Their conjecture — which could be erroneous — has been that the entire establishment is awaiting word from the Prime Minister’s office to yank the lever.

It is well over a month since the Supreme Court gave its clearance for the project. Ask Sundar, he will tell you that “preparations and review process are going on”.

The project has already suffered a cost overrun of Rs 4,000 crore. In December 2011, when protestors had stopped work at the project, his predecessor, Kasinath Balaji, famously lamented that each day of delay cost a revenue loss of Rs 3 crore. But now there is a resounding silence.

Valves and cables

Something is happening inside that black box called Kudankulam. Nobody says what.

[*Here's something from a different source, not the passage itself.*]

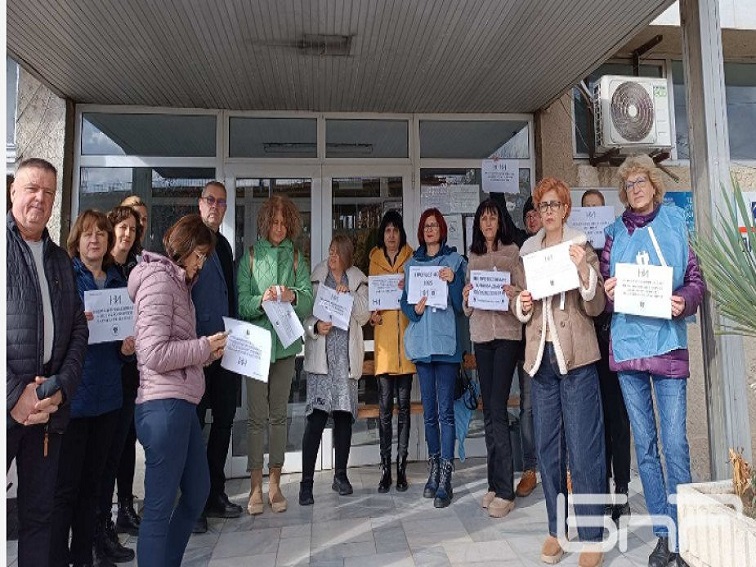 Служители на статистиката в Благоевград протестираха за по-високи заплати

In this information vacuum, the most contextually credible perspective provided by down-the-line engineering staff and technically knowledgeable observers is that the delay is due to the valves scare.

It goes like this: some valves supplied by the Russian company Zio Podolsk have been found to be sub-standard and who knows how many other valves are defective?

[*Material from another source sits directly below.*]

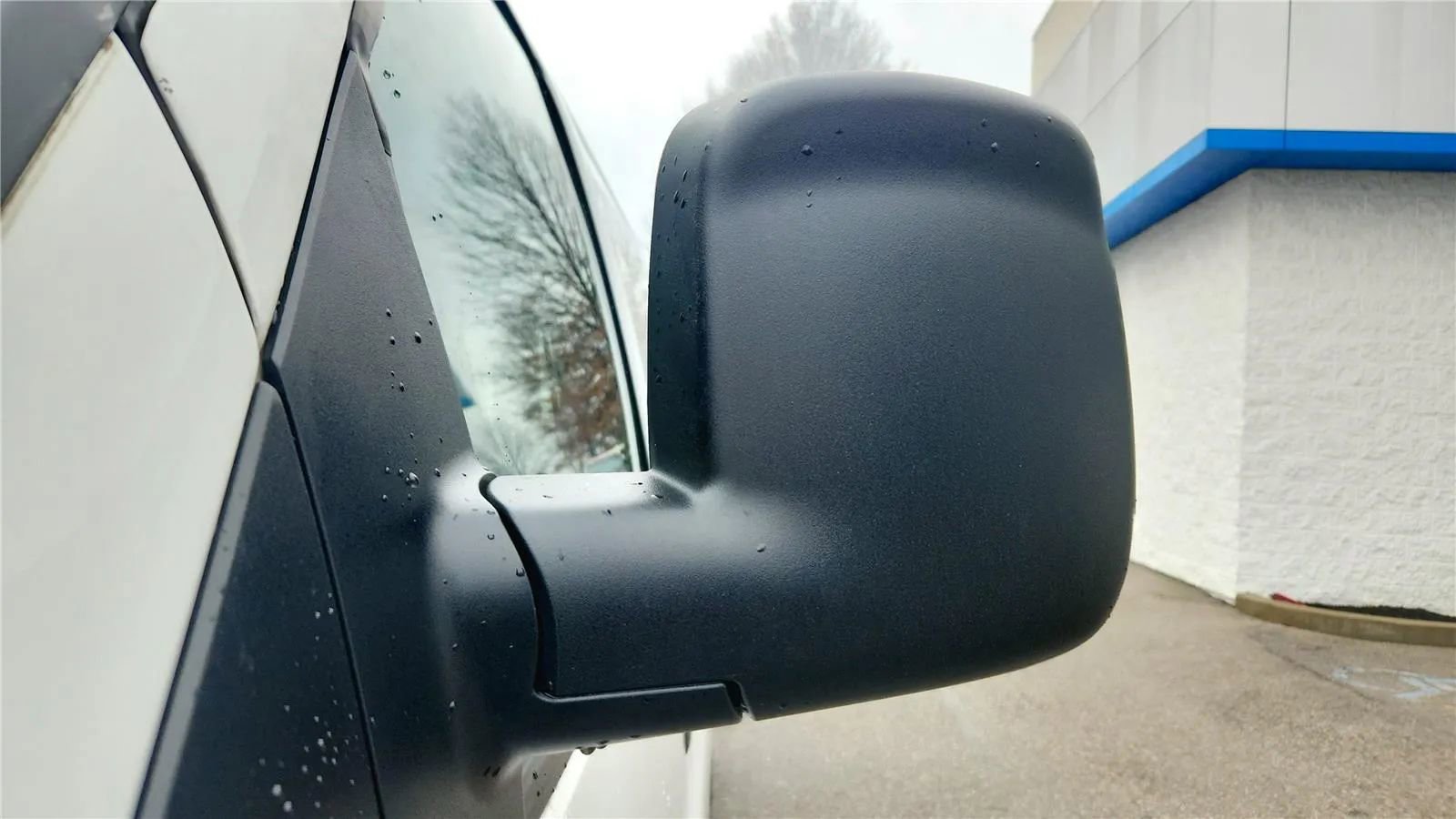 Used 2021 Chevrolet Express 2500 Extended w/ Driver Convenience Package image 7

Some of these other valves are inside the sealed reactor and cannot be easily removed. They are probably safe enough, but the shrillness of the anti-nuclear, anti-Kudankulam protests has reached such a crescendo that even a minor safety incident would inevitably result in a flare-up.

The Atomic Energy Regulatory Board (AERB) would not want to end up with egg on its face by giving clearance for the commissioning.

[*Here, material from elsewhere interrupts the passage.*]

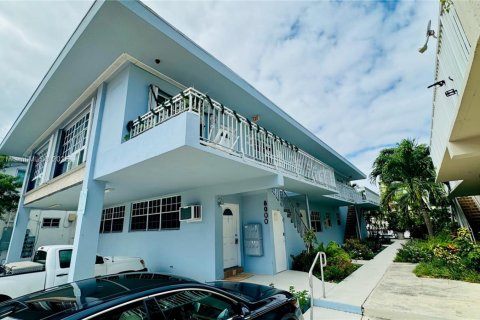 Condo in Miami Beach, Florida, 1 bedroom  № 1952641 - photo 1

So, they are going into the manufacturing log books of the Russians, component by component, to make sure things are alright. But the problem with this approach is, it is still not fool-proof. And everybody knows that.

What is not helping matters is the manner in which information was withheld when news about the faulty valves broke out.

When it was a matter of public record that a Special Secretary in the Department of Atomic Energy, A.P. Joshi, visited Zio Podolsk in July 2012, five months after the arrest of Sergei Shutov, the Procurement Director of the company, for fraud and corruption and supply of shoddy products to reactors, the Nuclear Power Corporation of India came up with the claim in February 2013 that “no information regarding any investigation against Zio Podolsk is available to NPCIL.”

And now there is talk of faulty cabling. In an article, A. Gopalakrishnan, a former Chairman of AERB, has said that large tracts of cabling would need to be re-done and this could take several months.

Could these faulty valves and cables (and God knows what else) set the project commissioning further behind? Nobody knows.

Misinformation thrives in this information-gap. One fails to understand why the nuclear establishment does not come clean and tell people what exactly is happening.

It apparently does not want to. S.P. Udaykumar, who is leading the protests against the nuclear plant, says that despite an order of the Central Information Commissioner, NPCIL has refused to share the ‘safety analysis report’ and the ‘site evaluation report’.

Incidentally, the Commission in its order tellingly noted thus: the Commission repeatedly asked the PIO to identify and explain the specific interest which might be affected….he gave no reasons whatsoever for claiming that the security, strategic and scientific interests of the State would be prejudicially affected if the Reports were disclosed.

Udaykumar has consequently filed a case with the Delhi High Court asking for the reports.

Why the silence?

Elsewhere in the world, reports such as these are freely shared with the public.

In one of his articles, Gopalakrishnan noted that “the contrast between how nuclear regulators in the best of democracies openly interact with their peoples and how the DAE and the AERB shrink from the public is quite apparent to all and this is increasing the disaffection and distrust of the Indian public for all nuclear operations and their safety.”

At a time when the country is suffering from an unprecedented power crisis — worst experienced by Tamil Nadu which is the chief beneficiary of the project — the monstrous delay in the project is going unexplained.

People ought to be told what exactly the issue is, whether there are faulty components and if so, the seriousness of the problem and the remedies available.

Those responsible for the delay, be it individuals or companies of Indian or foreign origin, should be brought to account.